When cancer patients experience food insecurity and cannot adhere to their medication regimen, the risk for disease complications increases. In one study, 55% of patients with food insecurity did not take their medications because they were unable to afford them, compared to 12% of their peers that were food secure.

In the Cancer commentary, the researchers note that no formal recommendations for food insecurity screening exist in the oncological clinical setting. However, they point to the Hunger Vital Sign™ (HVS), a two-question screening tool that has been validated in both adult and pediatric patients. (Editor’s Note: The USDA also offers the U.S. Household Food Security Survey Module developed by the National Center for Health Statistics.)

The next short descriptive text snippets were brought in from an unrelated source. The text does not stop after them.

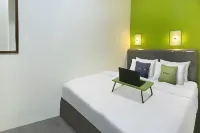 Urbanview Don Juan Pondok Gede by RedDoorz Hotels in Pondok Melati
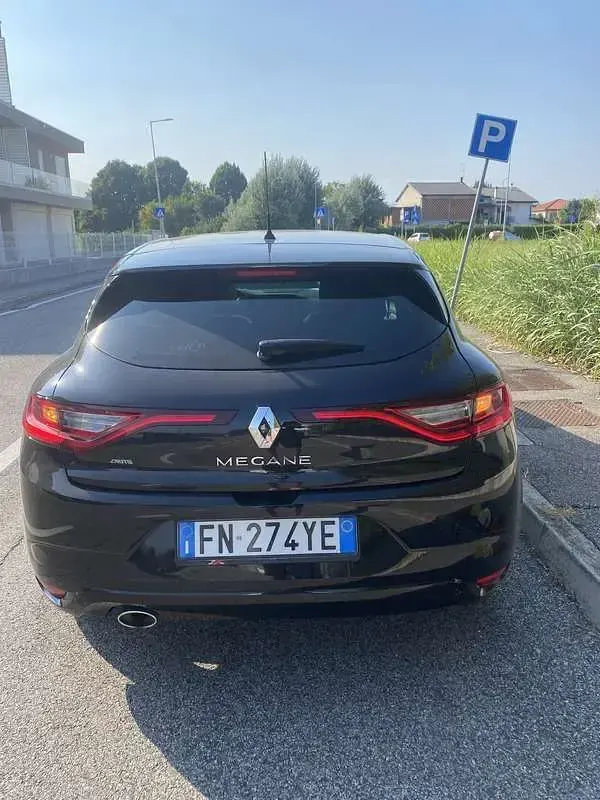 Usata Renault Mégane IV Intens 110 CV (80 kW) 2018 Berlina
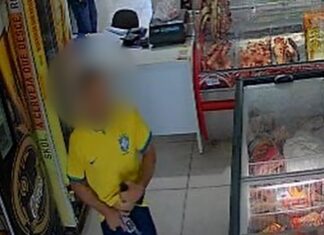 Homem armado rende funcionários e cliente durante roubo em açougue; VÍDEO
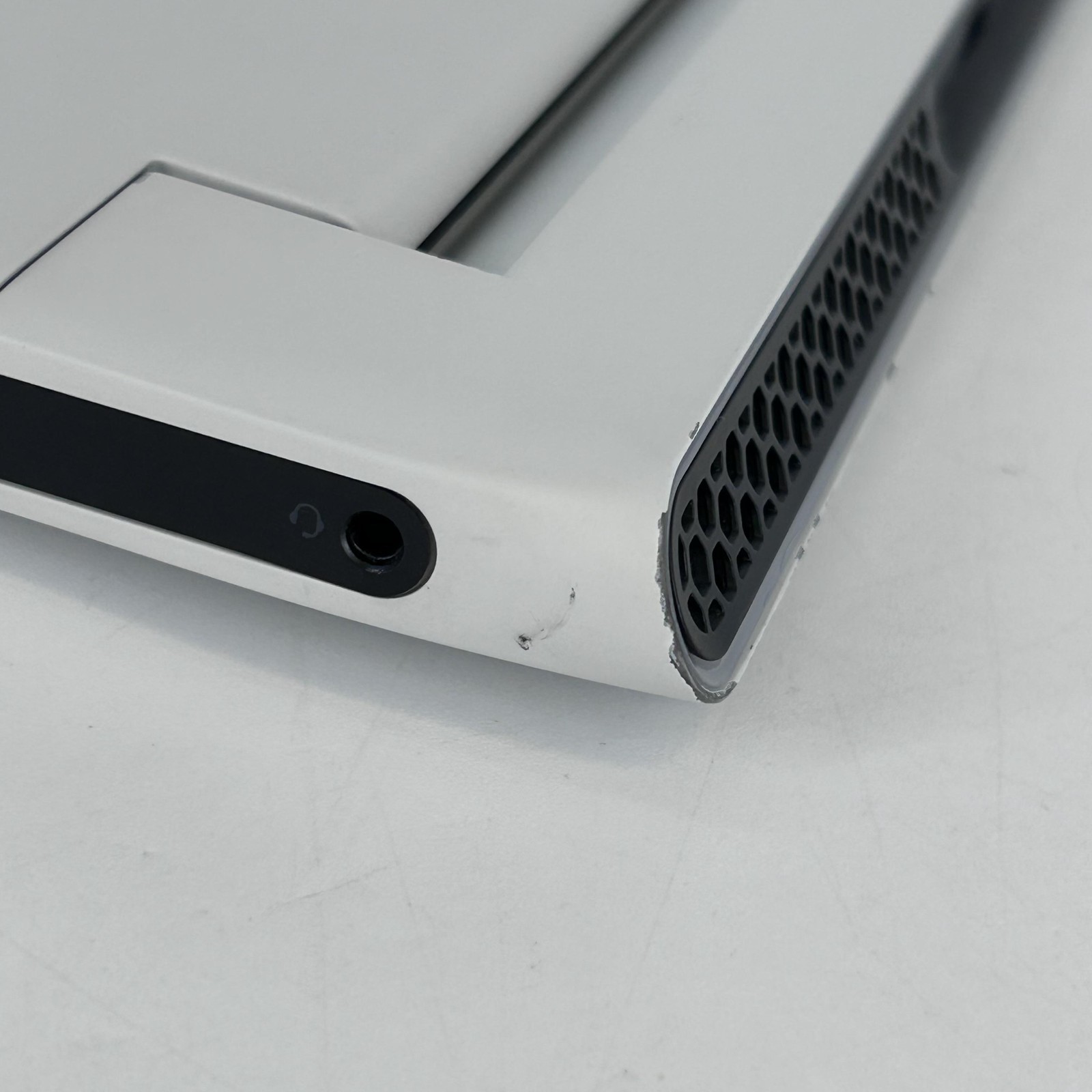Dell Alienware X15 R2 165Hz FHD 2.3GHz i7-12700H 16GB 1TB RTX 3070 Ti FRAME GAP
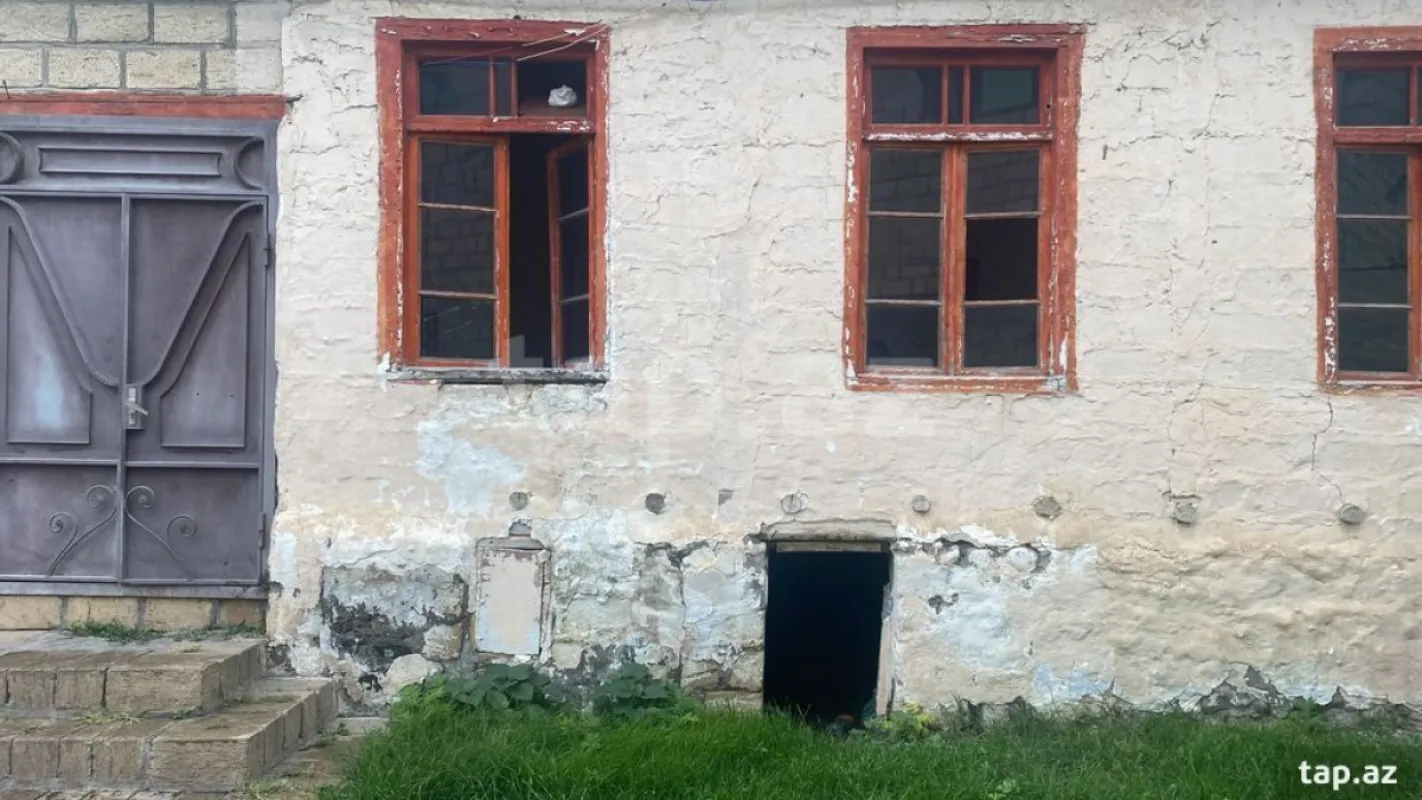 Satılır 3 otaqlı həyət evi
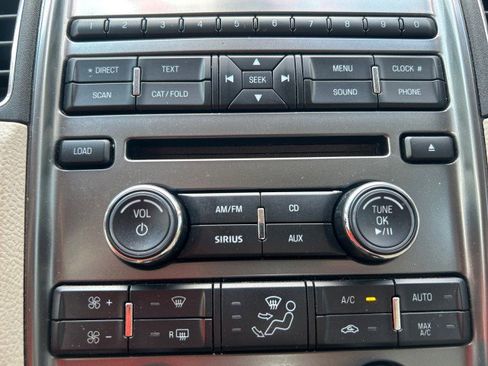 Used 2011 Ford Taurus Limited FWD image 16
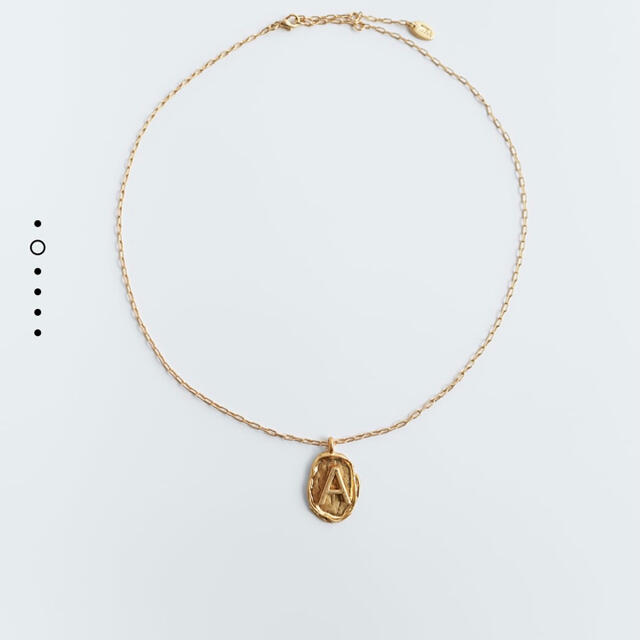 ZARA(ザラ)のZARA アルファベットネックレス LIMITED EDITION レディースのアクセサリー(ネックレス)の商品写真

The researchers also point to several resources and interventions for food-insecure patients, including the Supplemental Nutrition Assistance Program (SNAP), local food banks, home-delivered meals and community programs that may mitigate food insecurity by providing food or money for food. They also note that non-food resources, such as prescription payment assistance programs, can help to relieve food budgets by allowing for the shifting of household expenses.

What is Transportation Insecurity?

Transportation insecurity can be defined as a condition in which one is unable to regularly move from place to place in a safe and timely manner because one lacks the material, economic or social resources necessary for transportation.

According to research from the University of Michigan, one in four adults in the U.S. experience transportation insecurity, making it difficult for them to hold a job, get to the grocery store or child care, and conduct other daily activities. The researchers note that problems with transportation are commonly cited as a primary reason people miss or delay medical appointments or leave prescriptions unfilled, with consequences for individual health outcomes.

Impact of Transportation Insecurity on Cancer Treatment Adherence

In 2021, the National Cancer Policy Forum of the National Academies of Science, Engineering, and Medicine sponsored a series of webinars addressing key social determinants of health, including food, housing, and transportation among patients with cancer. In a commentary article summarizing the webinar series, experts noted several reasons that transportation insecurity is an acutely important problem for patients with cancer:

  • Patients with cancer are particularly susceptible to transportation as a barrier to medical care, with higher rates of transportation insecurity relative to similar patients without a history of cancer.
  • Transportation insecurity among patients with cancer is common.
  • The consequences of transportation insecurity among patients with cancer are substantial and may result in patients forgoing, missing, delaying and/or altering necessary clinical care.
  • Transportation insecurity has the potential to increase rates of cancer recurrence and mortality as well as exacerbate disparities in cancer incidence, severity, and outcomes.

In an effort to gain insights into who experiences transportation insecurity and help others determine which interventions can improve transportation insecurity, the University of Michigan researchers developed and validated a Transportation Security Index, the first tool to measure transportation security. Modeled after the Food Insecurity Index, the Transportation Security Index is a 16-question survey composed of items that focus on the symptoms of transportation insecurity.

Among many potential uses for the Transportation Security Index, the researchers suggest that health providers and social workers use the tool to screen patients to identify whether they need transportation-related assistance. Such assistance may be available through local transportation authorities or via grants from non-profit organizations like the HealthWell Foundation, which offers transportation assistance through several travel funds.